Why would you propose something that makes company earn less money? I'm sure that at Amazon scale, this misfeature earned millions of dollars.


Customer relationships. I recall a Bezos quote along the lines of "It's better to lose a refund than to lose a customer".


this one has cost us many thousands of dollars.

we had cron script on a very old server running for almost a decade, starting a multipart upload every night, pushing what was supposed to be backups to a bucket that also stored user-uploaded content so it was normal that the bucket grows in size by a bit every day. the script was 'not working' so we never relied on the backup data it was supposed to be pushing, never saw the files in s3, the bucket grew at a steady and not unreasonable pace. and then this spring i discovered that we were storing almost 3TB of incomplete multipart uploads.

and yes, i know that anecdote is just chock full of bad practices.


That S for simple stands for simple ways to skyrocket your expenses


“Simple” was coined when the alternative was managing a fleet of servers with disks . Time changes everything.


Yeah, I've definitely treaded on the storage cost landmine. Thankfully it was just some cents in my case, but it's really infuriating how badly the console exposes the information.


I have the feeling that the entire case (in)-sensitive discussions are usually too much English-centric.

Allow me to iterate: I have the feeling way too many language discussions, especially in IT, are too much English-centric.


> too much English-centric.

Pretty glad about it considering how much more simpler ASCII was to work with compared to Unicode.

I say it as a non native english speaker, programming has so many concepts and stuff already, its best not to make it more complex by adding a 101 different languages to account for.

Unicode and Timezone, the two things that try to bring more languages and cultures to be accounted for while programming and look what happens, it creates the most amount of pain for everyone including non native english programmers.

I dont want to write computer programs in my non-english native tongue, if that means i’ll have to start accounting for every major language while im programming.

Its fine that IT discussions are so English-centric. Diversity is more complexity, and no one owns the english language, its just a tool used by people to communicate, thanks to that universal language, I can express my thoughts to most people in India, China, Japan, South America, etc due to having 1 common language.

They all own the english language too, the moment they decided to speak in it.
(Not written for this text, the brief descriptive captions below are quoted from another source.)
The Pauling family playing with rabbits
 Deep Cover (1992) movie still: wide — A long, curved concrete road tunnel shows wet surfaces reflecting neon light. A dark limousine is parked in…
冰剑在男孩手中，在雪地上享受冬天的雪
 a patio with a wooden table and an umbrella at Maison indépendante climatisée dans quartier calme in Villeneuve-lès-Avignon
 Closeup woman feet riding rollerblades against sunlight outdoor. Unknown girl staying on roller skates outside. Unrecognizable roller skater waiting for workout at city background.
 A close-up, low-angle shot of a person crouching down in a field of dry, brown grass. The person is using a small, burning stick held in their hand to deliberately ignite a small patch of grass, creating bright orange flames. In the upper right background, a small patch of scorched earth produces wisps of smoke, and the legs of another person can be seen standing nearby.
No need to bring diversity politics in IT.

Best to keep it technical.


> No need to bring diversity politics in IT.

Politics is just "how people think things should be". Therefore politics are everywhere not because people _bring_ them everywhere but because they arise from everything.

Your comment is in fact full of politics, down to your opinion that politics shouldn't be included in this discussion.

**

> thanks to that universal language, I can express my thoughts to most people in India, China, Japan, South America, etc due to having 1 common language

Personally my impression is that native speakers just run circles around everyone else during meetings and such. Being _truly_ comfortable in the language, mastering social cues, being able to confidently and fluently express complex ideas, mean that they effectively take over the room. In turn that means they will hold more power in the company, rise in rank more quickly, get paid more, etc.. There's an actual, significant consequence here.

Plus, anglos usually can't really speak another language, so since they don't realize how hard it is they tend to think their coworkers are idiots and will stick to do things with other anglos rather than include everyone.

> Diversity is more complexity

In a vacuum I agree, but within the context of your comment this is kinda saying "your existence makes my life too complex, please stop being different and join the fold"; and I can't agree with that sentiment.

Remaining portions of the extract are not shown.